Uzun
zamandır yazmadım. Bir yıl olmak üzere. Nereden başlayacağımı da bilmiyorum
aslında. Paslanmışım biraz. Bu son bir yılda benim hayatımda çok şey değişti. Yazı
yazmak için düşünmeye, oturup yazıyı planlamaya, kendimle kalmaya zaman
ayırmadım. En son yazımda değişimlerden dolayı yaşadığım stresle baş etmeye
çalışıyordum. Belki o yüzden pek de hayatımda neler oluyor diye düşünmek
istemedim. Düşünmekle tüm değişimleri meşrulaştırmış olacaktım.
Oysa
değişim vardı. Tek kişilik hayatım iki kişilik oldu. Bir ailem varken şimdi iki
ailem oldu. Soyadıma yeni bir soyadı daha eklendi. Nüfus kağıdım değişti. İş
adresim, ev adresim, yaşam alanım değişti. Arkadaşlarımla eskisi kadar sık
görüşemez oldum. Aramıza bir köprü girdi. Çok sevdiğim sahile gidip koşu
yapamaz oldum. Değişmemek için çok direnç gösterdim. Eski, var olan durumu
korumaya çalıştım. Üzerine düşünmezsem, yazmazsam belki her şey aynı kalır
sandım. Oysa yıl bile 2012’den 2013’e değişti. Merhaba 2013. Merhaba hayatımdaki değişimler. Değişimlerle birlikte akmaya karar
verdim. Şimdilik…
Değişim,
beraberinde gelişimi de getirdiği zaman direnç göstermek çok da akıl karı değil.

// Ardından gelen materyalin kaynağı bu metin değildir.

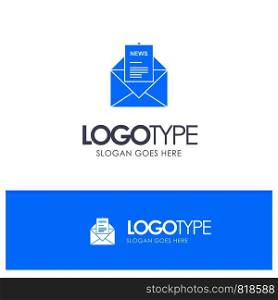 News, Email, Business, Corresponding, Letter Blue Solid Logo with place for tagline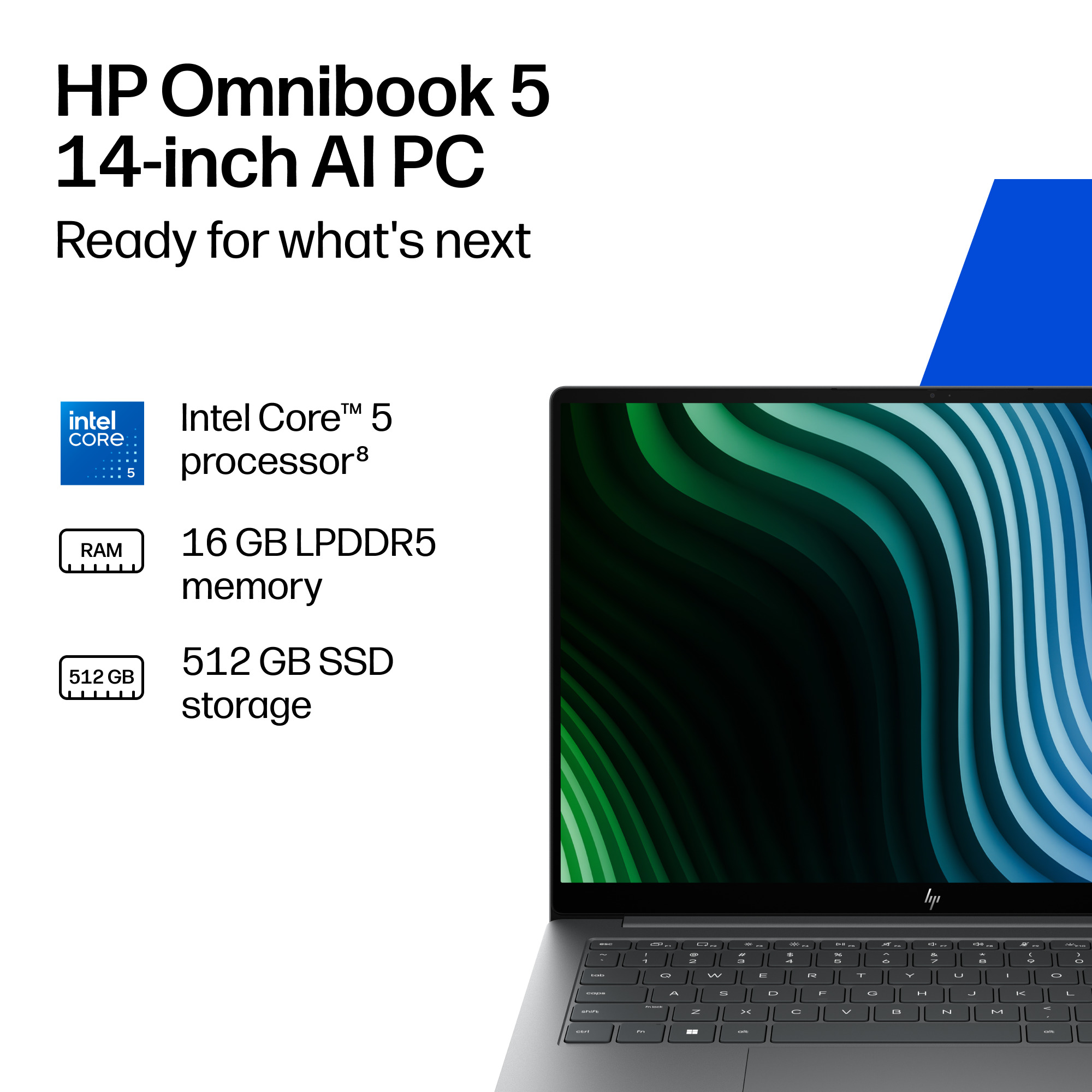 HP OmniBook 5 AI 14" Laptop (E7PL1EA) - Intel Core 5 320, 8GB RAM, 512GB SSD, Windows 11 Home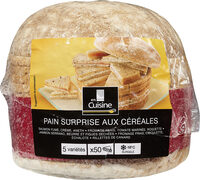 Pain Surprise aux céréales Thon & tomate mi-séchées Fromage frais & fruits secs Fromage blanc & concombre Saumons & citrons confits Fromage frais, jambon Serrano & cornichon
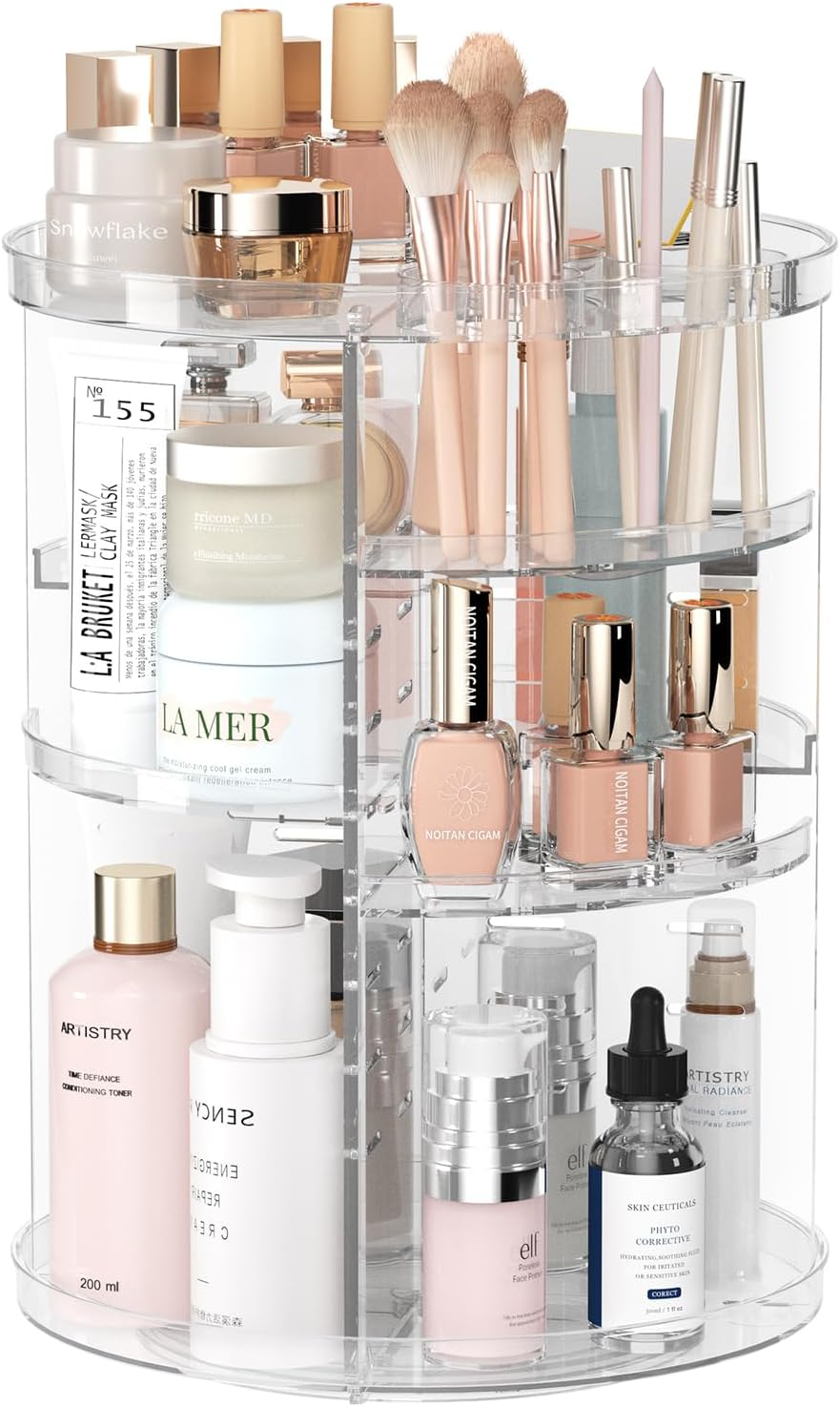 8-Layer Rotating Makeup Organizer DIY Spinning Cosmetic Skincare Display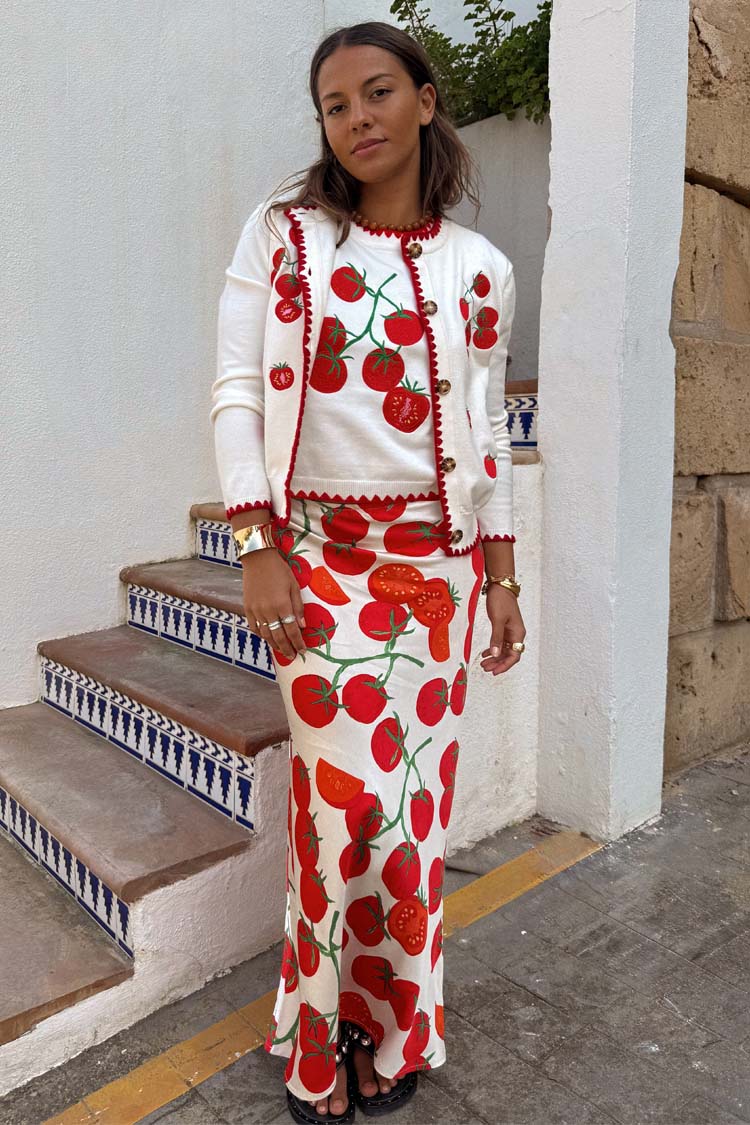 NEVER FULLY DRESSED Tomato Embroidered Cardi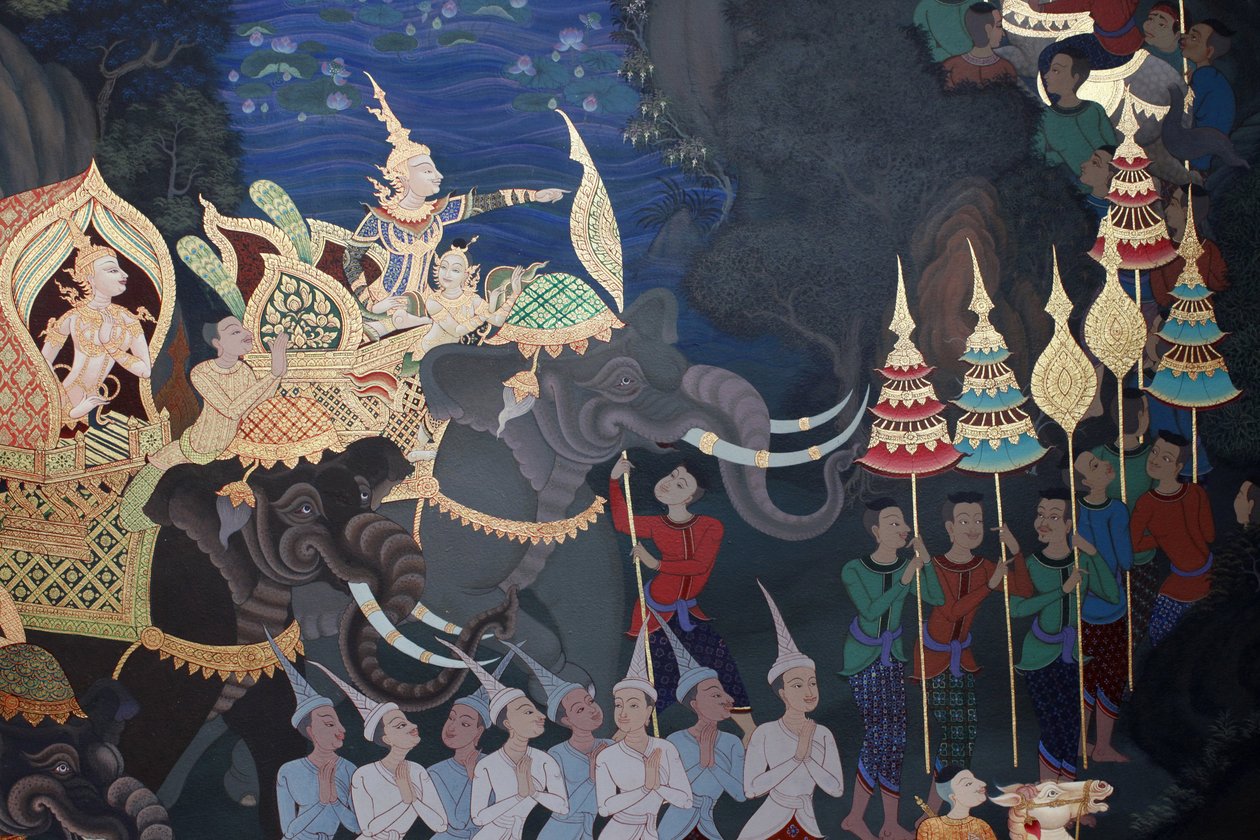 बुद्धपदीपा मंदिर, विंबलडन, ग्रांडे-ब्रेटगेन के उपोस्थ (तीर्थ हॉल) में एक भित्ति चित्र का विवरण द्वारा अज्ञात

Sonuçta bu değişimler benim hayatımın daha kolaylaşması, daha keyifli olması
için oluyor. Bu sebeple, ben de yapamadıklarıma değil, hayatımda olanların keyfine,
hayatıma getirdiği artılara odaklanmaya başladım. Yeni yaşam alanımda yeni bir
düzen kurdum. Arkadaşlarımla kıymetini
anlamadığımız şip şak buluşmalar yerine daha özenli buluşmalar planlıyoruz.
Eşimle, köprü trafiği nedeniyle kaybettiğimiz saatler yerine, evde vakitlice
buluşup, aile olmanın keyfini sürüyoruz. Evim ve işim çok yakın olduğu
için yollarda zaman kaybetmiyorum. Sahildeki bisiklet turları, yürüyüşlerin
yerine spor salonuna daha sık gidip spor yapıyorum. Bu sayede bir buçuk yıl
kadar önce Zumba ile tanıştım. Hatta Zumba’yı o kadar sevdim ki Zumba
Uygulayıcısı eğitimlerine katılıp sertifika bile aldım. Bir başka yazıda bunu
da anlatırım.
Fark
ettim ki ben çok dirençli bir yapıya sahipmişim. Hatta yıllardır üzerimde
taşıdığım birkaç fazla kiloyu bile değişime direnmek adına, bildiğimden başka
biri olmamak adına bırakmadığımı fark ettim. Oysa değişim gelişim için
olduğunda kaçınmak yerine değişimi kucaklamak gerekiyor. Bugün internette
dolaşırken Elif Şafak'ın Aşk isimli kitabındaki Şems-i Tebriz-i kurallarından
bir tanesi karşıma çıktı.
“Hakk’ın karşına çıkardığı değişimlere
direnmek yerine, teslim ol. Bırak hayat sana rağmen değil, seninle beraber
aksın. ‘Düzenim bozulur, hayatımın altı üstüne gelir’ diye endişe etme. Nereden
biliyorsun, hayatın altının üstünden daha iyi olmayacağını?”
Değişim,
çoğu insan için belirsizlik anlamına geliyor. Alışılan, sevilen şeylerden uzak
kalmayı gerektirebiliyor. Yeni durum ise beraberinde beceriksizliği ve
dolayısıyla rahatsızlık duygusunu getiriyor. Yaptığın işin ustasıyken bir anda
çırak oluyorsun. Nereden bilebilirsin ki? Belki de yeni başlayan çıralık eski
ustalığından çok daha fazla güzellik getirecek. Hayatın altı/ üstü nereden
baktığına göre şekillenmez mi?
Sadece
baktığın yeri değiştirmek bile, değişime daha kolay uyum sağlamanın bir yolu.
Değişime direnmeyip teslim olunca gelişiyoruz. Yeni bir beceri kazanıyoruz,
yeni insanlar hayatımıza giriyor. Bazen de kendimizin tanımadığımız
bilmediğimiz yeni yönlerini, gizli kalmış potansiyellerimizi keşfediyoruz. O
zaman direnerek kendimizi yormaya ne gerek var?